Thank You, Israel, for Lending Us Bibi
In the days ahead, Jews around the world will celebrate Purim, a festival the Bible directs us to remember, when the Jewish people were delivered more than 2,000 years ago in Persia (modern day Iran) from an evil anti-Semite --Haman -- who had manipulated the king into issuing a decree that would annihilate the Jews.
According to the biblical account, Esther, a Jew, and her cousin, Mordecai, who raised her, were the instruments of deliverance.
This Tuesday, just hours before the Purim holiday begins, Israeli Prime Minister Benjamin Netanyahu will address the U.S. Congress, at the invitation of House Speaker John Boehner, to explain why his country cannot tolerate the threat from another group of evil anti-Semites in Iran to annihilate the Jews: the acquisition of nuclear weapons by the Ayatollah Khamenei and his government.

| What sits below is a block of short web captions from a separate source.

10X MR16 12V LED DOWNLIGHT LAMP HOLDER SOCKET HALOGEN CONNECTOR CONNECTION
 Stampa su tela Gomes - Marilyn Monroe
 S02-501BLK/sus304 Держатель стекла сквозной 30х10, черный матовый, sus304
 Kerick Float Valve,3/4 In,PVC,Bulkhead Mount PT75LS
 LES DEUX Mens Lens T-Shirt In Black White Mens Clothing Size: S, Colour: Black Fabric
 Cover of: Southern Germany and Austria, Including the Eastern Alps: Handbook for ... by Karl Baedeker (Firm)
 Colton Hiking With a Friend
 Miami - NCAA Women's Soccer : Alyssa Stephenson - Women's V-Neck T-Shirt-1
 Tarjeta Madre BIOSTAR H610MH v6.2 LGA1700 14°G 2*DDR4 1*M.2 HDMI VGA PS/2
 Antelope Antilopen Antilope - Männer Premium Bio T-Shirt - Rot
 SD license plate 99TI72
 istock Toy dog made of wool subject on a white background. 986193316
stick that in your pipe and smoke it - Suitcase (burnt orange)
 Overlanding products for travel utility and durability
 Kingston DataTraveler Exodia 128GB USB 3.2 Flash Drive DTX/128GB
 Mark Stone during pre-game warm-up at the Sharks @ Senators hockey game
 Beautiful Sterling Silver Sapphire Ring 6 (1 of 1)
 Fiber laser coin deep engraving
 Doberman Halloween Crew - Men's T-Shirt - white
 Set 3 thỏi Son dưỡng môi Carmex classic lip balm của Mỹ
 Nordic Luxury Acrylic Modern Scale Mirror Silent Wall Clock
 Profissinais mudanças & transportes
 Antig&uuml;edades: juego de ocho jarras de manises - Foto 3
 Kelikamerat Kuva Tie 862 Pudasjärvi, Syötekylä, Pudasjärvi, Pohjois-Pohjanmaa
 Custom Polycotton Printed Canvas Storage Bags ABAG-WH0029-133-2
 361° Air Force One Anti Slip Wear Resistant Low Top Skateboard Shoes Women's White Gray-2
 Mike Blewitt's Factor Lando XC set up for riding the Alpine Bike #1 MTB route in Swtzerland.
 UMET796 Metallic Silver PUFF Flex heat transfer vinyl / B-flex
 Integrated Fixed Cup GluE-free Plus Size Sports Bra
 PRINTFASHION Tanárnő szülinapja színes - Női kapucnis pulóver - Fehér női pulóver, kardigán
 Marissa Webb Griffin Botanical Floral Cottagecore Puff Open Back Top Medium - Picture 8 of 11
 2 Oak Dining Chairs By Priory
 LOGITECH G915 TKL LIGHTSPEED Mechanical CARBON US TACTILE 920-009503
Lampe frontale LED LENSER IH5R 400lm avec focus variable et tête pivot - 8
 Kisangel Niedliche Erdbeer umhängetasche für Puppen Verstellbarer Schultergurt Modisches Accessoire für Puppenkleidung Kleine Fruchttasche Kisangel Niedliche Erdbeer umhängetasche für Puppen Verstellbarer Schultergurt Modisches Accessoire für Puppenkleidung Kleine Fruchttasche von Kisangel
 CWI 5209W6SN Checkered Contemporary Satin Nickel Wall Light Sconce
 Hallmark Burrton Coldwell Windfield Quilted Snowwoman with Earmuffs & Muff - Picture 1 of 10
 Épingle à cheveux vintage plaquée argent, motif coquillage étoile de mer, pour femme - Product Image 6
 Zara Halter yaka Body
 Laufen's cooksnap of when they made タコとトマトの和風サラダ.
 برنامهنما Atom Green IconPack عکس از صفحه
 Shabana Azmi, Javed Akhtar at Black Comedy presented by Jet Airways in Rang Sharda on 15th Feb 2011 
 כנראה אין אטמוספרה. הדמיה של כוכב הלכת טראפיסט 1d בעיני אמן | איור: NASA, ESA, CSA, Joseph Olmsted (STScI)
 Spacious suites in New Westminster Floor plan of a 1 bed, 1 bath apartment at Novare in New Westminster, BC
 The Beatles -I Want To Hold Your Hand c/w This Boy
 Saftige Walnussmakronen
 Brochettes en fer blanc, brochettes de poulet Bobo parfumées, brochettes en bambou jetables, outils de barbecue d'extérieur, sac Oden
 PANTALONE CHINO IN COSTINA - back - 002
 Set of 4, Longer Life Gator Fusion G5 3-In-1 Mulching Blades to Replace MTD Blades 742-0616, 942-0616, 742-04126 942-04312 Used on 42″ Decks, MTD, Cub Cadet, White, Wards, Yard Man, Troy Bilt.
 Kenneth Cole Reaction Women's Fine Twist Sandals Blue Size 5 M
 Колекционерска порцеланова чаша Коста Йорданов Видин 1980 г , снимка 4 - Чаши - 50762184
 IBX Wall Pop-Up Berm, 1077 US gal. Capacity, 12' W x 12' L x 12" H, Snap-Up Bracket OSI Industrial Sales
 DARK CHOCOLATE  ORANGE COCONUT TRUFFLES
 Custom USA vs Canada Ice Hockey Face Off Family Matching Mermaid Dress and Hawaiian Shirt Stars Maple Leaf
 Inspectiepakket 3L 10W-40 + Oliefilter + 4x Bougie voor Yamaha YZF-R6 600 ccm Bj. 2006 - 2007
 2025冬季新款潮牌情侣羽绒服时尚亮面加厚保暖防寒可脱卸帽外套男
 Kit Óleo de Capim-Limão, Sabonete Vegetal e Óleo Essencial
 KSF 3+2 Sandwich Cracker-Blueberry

The city of Washington, as is its custom, has been buzzing for weeks about the political ramifications of the Netanyahu speech. Once again, it's all about them.
The Obama administration, failing to disguise its contempt for the prime minister, refuses to attend, calling the whole process of inviting him unseemly, coming just two weeks before Israel holds elections.
National Security Advisor Susan Rice, having seen no advance copy of the speech, calls it "destructive." Commentators and reporters poll and pontificate, as a few dozen lawmakers deliberate about whether to boycott an address by our closest and most reliable ally in the Middle East.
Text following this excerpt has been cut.